If that’s true, it’s a very big deal. Section 209 of the Clean Air Act authorizes the Environmental Protection Agency to grant California a waiver to establish its own motor vehicle emission standards, and section 177 authorizes other states to opt into the California vehicle emissions program. Currently, 13 states have California vehicle emission standards, which are typically more stringent than federal standards.
The obligation to meet two sets of motor vehicle emission standards—federal and California—has always been an inconvenience to automakers. In sharp contrast, however, California’s separate greenhouse gas standards potentially pose an existential threat to the auto industry.
Greenhouse gas emission standards implicitly and substantially regulate fuel economy. As EPA and the National Highway Traffic Safety Administration (NHTSA) explained in their first joint motor vehicle rule, carbon dioxide constitutes “94.9 percent” of vehicular greenhouse gas emissions, and “there is a single pool of technologies...that reduce fuel consumption and thereby carbon dioxide emissions as well.”
Unlike other motor vehicle emission standards—but exactly like the fuel economy standards they mimic—motor vehicle greenhouse gas standards apply not to each vehicle but to entire fleets or segments of fleets on average. And there’s the rub. Automakers sell a different mix of vehicles in each state because consumer preferences differ from state to state. If all 50 states were to opt into the California program, automakers would have to reshuffle the mix of vehicles delivered for sale in each state to achieve the same average grams carbon dioxide per mile—the same de facto fuel economy—as required in California. Thus, California’s greenhouse gas motor vehicle standards potentially set the stage for market chaos and the death of the U.S. auto industry.
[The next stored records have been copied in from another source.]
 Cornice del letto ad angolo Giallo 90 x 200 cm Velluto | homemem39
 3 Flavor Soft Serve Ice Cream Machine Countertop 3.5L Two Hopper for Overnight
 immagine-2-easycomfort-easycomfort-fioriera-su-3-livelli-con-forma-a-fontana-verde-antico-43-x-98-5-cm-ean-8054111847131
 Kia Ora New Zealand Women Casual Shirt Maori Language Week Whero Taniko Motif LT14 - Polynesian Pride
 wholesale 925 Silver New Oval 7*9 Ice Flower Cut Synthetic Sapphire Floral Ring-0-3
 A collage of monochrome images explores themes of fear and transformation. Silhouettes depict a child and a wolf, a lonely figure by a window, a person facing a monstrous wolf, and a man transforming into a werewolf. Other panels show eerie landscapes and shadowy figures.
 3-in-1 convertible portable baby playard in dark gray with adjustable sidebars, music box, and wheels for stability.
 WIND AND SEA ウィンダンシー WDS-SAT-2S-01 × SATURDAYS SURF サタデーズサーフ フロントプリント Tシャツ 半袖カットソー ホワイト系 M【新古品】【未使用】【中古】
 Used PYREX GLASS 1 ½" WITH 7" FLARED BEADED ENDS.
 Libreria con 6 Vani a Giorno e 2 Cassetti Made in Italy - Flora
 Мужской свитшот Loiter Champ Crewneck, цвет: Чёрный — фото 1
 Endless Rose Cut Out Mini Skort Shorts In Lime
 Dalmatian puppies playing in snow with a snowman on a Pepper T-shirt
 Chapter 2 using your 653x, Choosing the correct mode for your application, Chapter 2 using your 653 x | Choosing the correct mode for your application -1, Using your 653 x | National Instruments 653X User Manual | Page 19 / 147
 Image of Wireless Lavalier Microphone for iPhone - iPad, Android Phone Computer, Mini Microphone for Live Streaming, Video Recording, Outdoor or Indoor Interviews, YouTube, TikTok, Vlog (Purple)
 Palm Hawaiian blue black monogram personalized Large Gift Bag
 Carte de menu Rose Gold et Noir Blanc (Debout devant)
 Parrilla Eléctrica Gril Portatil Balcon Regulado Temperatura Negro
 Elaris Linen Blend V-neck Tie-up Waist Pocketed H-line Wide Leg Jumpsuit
The Obama administration purported to banish this threat by brokering a deal whereby states opting into the California program would agree to accept compliance with EPA’s greenhouse gas standards as compliance with their own. Under the deal, automakers would be subject to three sets of overt or de facto fuel economy standards administered by three agencies under three statutes. Obama officials misleadingly labeled this Rube Goldberg scheme the “One National Vehicle Program.” However, whenever CARB deems the federal standards insufficiently ambitious, it threatens to walk away from the alleged “harmonized” national program, which would leave the auto industry vulnerable once again to a patchwork of fuel economy regimes.
Will the Trump administration propose to repeal the California greenhouse gas waiver? That’s what CARB Chair Nichols professes to fear, but she offers no positive evidence, stating: “We're not hearing anybody coming in and saying, ‘You can’t do it.’” Note that EPA’s proposed Reconsideration of the Obama/CARB greenhouse gas/fuel economy standards does not even mention the word “waiver.”
What’s going on here? Two possibilities come to mind.
Maybe eight years of Obama have conditioned Nichols to expect continual pledges of presidential fealty to the “One National Program,” and the silence from Trump officials has her spooked.
The E&E article points to another possibility. Nichols complains that the Trump Justice Department will no longer use Clean Air Act enforcement penalties to provide multibillion-dollar subsidies for electric vehicle infrastructure. The Trump administration partly based its decision on separation of powers arguments developed by free market groups, notably by my CEI colleague, William Yeatman.
In the current Reconsideration proceeding, CEI is urging EPA administrator Scott Pruitt to rescind the California waiver based on the nation’s original fuel economy statute, the Energy Policy and Conservation Act (EPCA), which preempts state laws or regulations “related to” fuel economy. So maybe Nichols fears free marketers might persuade the Trump administration to dust off the EPCA preemption and apply it to California’s greenhouse gas motor vehicle program.